We should be equally proud of our paralympians, as the New Zealand medal tally keeps edging upwards with sports pundits calling it the best performance by New Zealand in its 48 years of competition.

At the time of writing, New Zealand's total medal tally for the Rio 2016 Paralympic Games is now nine gold, five silver and four bronze which leaves New Zealand sitting ninth overall on the medal count, and first on the per capita table.

Paralympian swimming star Sophie Pascoe has already won three golds and two silvers and smashed a world record. Pascoe has won 15 medals over three Paralympics, including eight golds.


Another stand-out is our very own blade runner, Liam Malone, who has won two golds and a silver.

Yet Pascoe and Malone aren't elevated to the status of a Michael Phelps or Usain Bolt.

Even in their own country, they are not (yet anyway) allocated the star treatment of a Val Adams or Mahe Drysdale.
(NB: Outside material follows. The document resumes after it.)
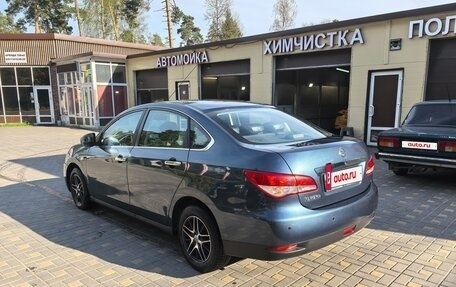 Nissan Almera, 2015 год, 890 000 рублей, 3 фотография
While the performance of our athletes and others was often the main first story on night-time news, the Paralympics is treated a bit like an also-ran, covered in the sports section.

Is this reflective of some inherent discrimination to disabled people in general? Perhaps similar to how women's sport is treated.

Think how most school kids can name current or former All Blacks. Now ask them to name any of the Black Ferns, the New Zealand women's rugby team. They may struggle to name even one.

Likewise until this year's Paralympics, many people might have struggled to name medal winners, whereas our Olympic winners roll off the tongue.

One could argue that the Paralympics or indeed women's sports is given less coverage because there is less of a following. That the Steamers for example are never going to attract the same interest as the All Blacks.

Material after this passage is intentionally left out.